Zudem stimmte ich im Anschluss für Erika Träger als dritte Stellvertreterin. Hierfür gab es für mich mehrere Gründe. Wie bereits geschrieben, halte ich es für sehr wichtig, dass auch eine Frau die Stadt Passau als Bürgermeisterin vertritt. Zudem konnte ich niemanden wählen, der erst einen Antrag gegen eine/n dritten Stellvertreter*in stellt aber danach selbst kandidiert. Außerdem wohnt Erika Träger wie ich in Hals und ich weiß, wie sie in den Stadtteilen Ilzstadt und Hals verankert ist und diese bereits die letzten Jahre als stellv. Bürgermeisterin vertreten hat. Und die FWG hatte von Anfang an ein offenes Gespräch mit mir geführt und mir eine punktuelle Zusammenarbeit angeboten. Ich vertrete nun im Klinikausschuss und im Ausschuss Soziales und Senioren die ordentlichen Mitglieder der FWG. Damit habe ich den Zugang zu zwei, für unsere politische Agenda, wichtigen Ausschüssen.
Andere Kooperationsgespräche hatten sich im Vorfeld zerschlagen. Es gab auch Parteien, die mit mir gar nicht reden wollten oder erst nachdem feststand, dass sie keinen Bürgermeister mehr stellen werden. Und um es klar zu sagen, mit AfD und Zukunft Passau will ich nicht reden.

Zu inhaltlichen Anträgen bzw. zu Änderungsanträgen für die Geschäftsordnung und Satzung

Ich habe für den Antrag der Grünen zur Deckelung der Aufwandsentschädigung gestimmt, da ich dies als ein wichtiges Signal für die Passauer*innen gesehen habe. Letztendlich erhielt dieser Antrag leider keine Mehrheit. Zudem habe ich für den ÖDP Geschäftsordnungsantrag zum Ausschuss für Umwelt und Klima gestimmt. Hätte dieser Antrag eine Mehrheit bekommen, hätten wir den Ausschuss die Erarbeitung und Umsetzung eines Klimakonzeptes verordnet, welches das Ziel Klimaneutralität bis 2030 gehabt hätte.

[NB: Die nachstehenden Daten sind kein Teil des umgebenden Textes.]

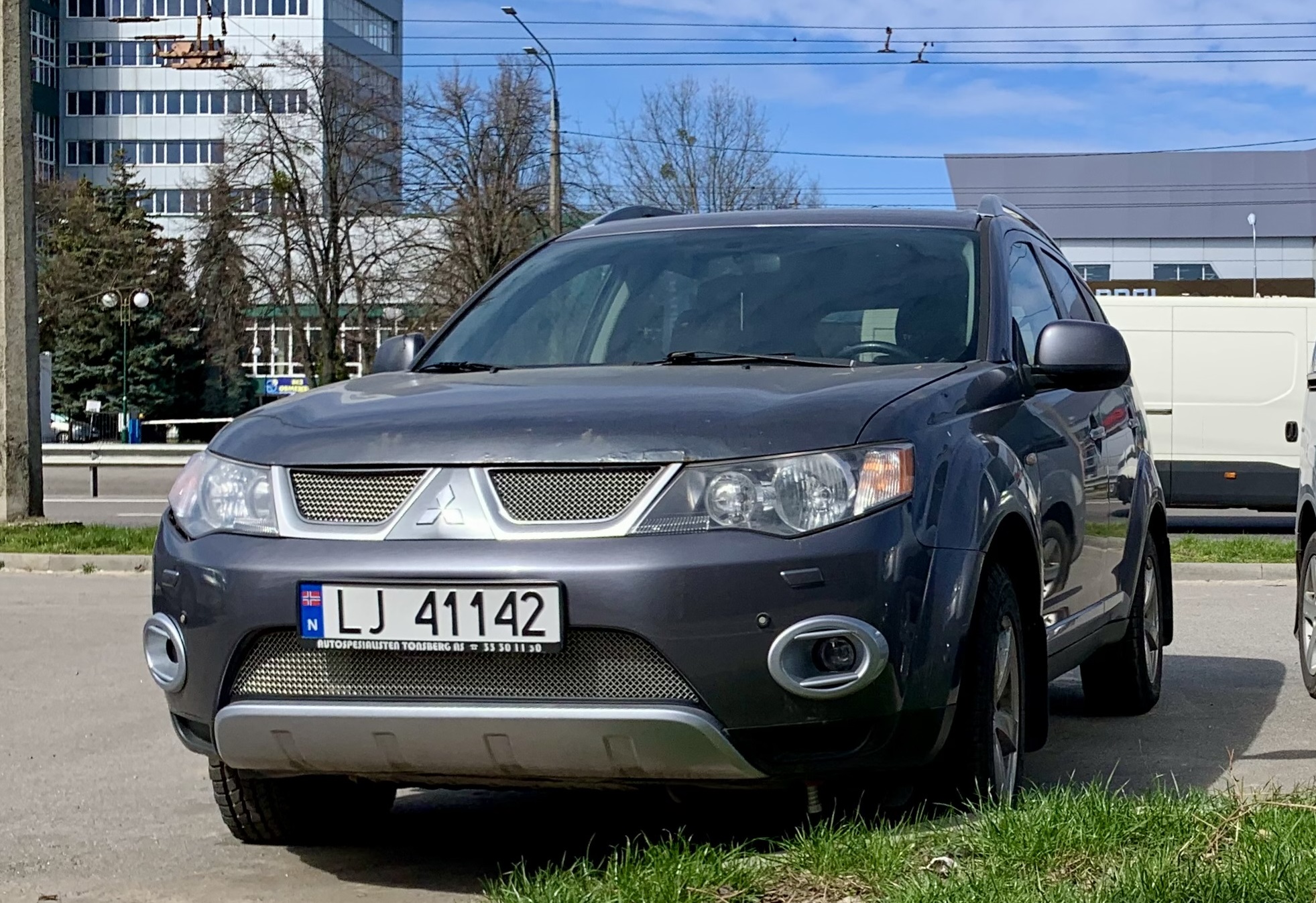 LJ 41142, Mitsubishi Outlander 2nd gen (XL) (CW/ZG/ZH), 2005–2013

Ehrenamtliche Verwaltungsräte
Zum Schluss stand auch noch die Wahl der ehrenamtlichen Verwaltungsräte an. Hier habe ich als Verwaltungsrat des Adelbert Stifter Gymnasiums kandidiert. Mir war es besonders wichtig, diesen Posten nicht der AfD zu überlassen, auch weil es sich um eine Schule gegen Rassismus handelt.
Erfreulich war, dass der komplette Stadtrat mit Ausnahme der zwei AfD Stimmen gegen Robert Schregle stimmte. Ich wurde dann von den Kolleg*innen bei 4 Gegenstimmen als ehrenamtlicher Verwaltungsrat für das ASG gewählt. Die Gegenstimmen waren, von den zwei AfD Stadträten Schregle und Haimerl, von Hr. Koopmann (PAL) und Hr. Weidenthaler von Zukunft Passau.

Erfreulich ist, dass zukünftig die Stadträte der AfD in keinen Ausschuss vertreten sind und auch keinen Posten als ehrenamtliche Verwaltungsräte bekleiden.

Nun freue ich mich auf die inhaltliche Arbeit und hier gibt es viel zu tun. Besonders die Bewältigung der Corona Krise wird uns vor viele Herausforderungen stellen und natürlich will ich dafür sorgen, dass die Beschäftigten des Klinikums Passau nach der Krise nicht vergessen werden.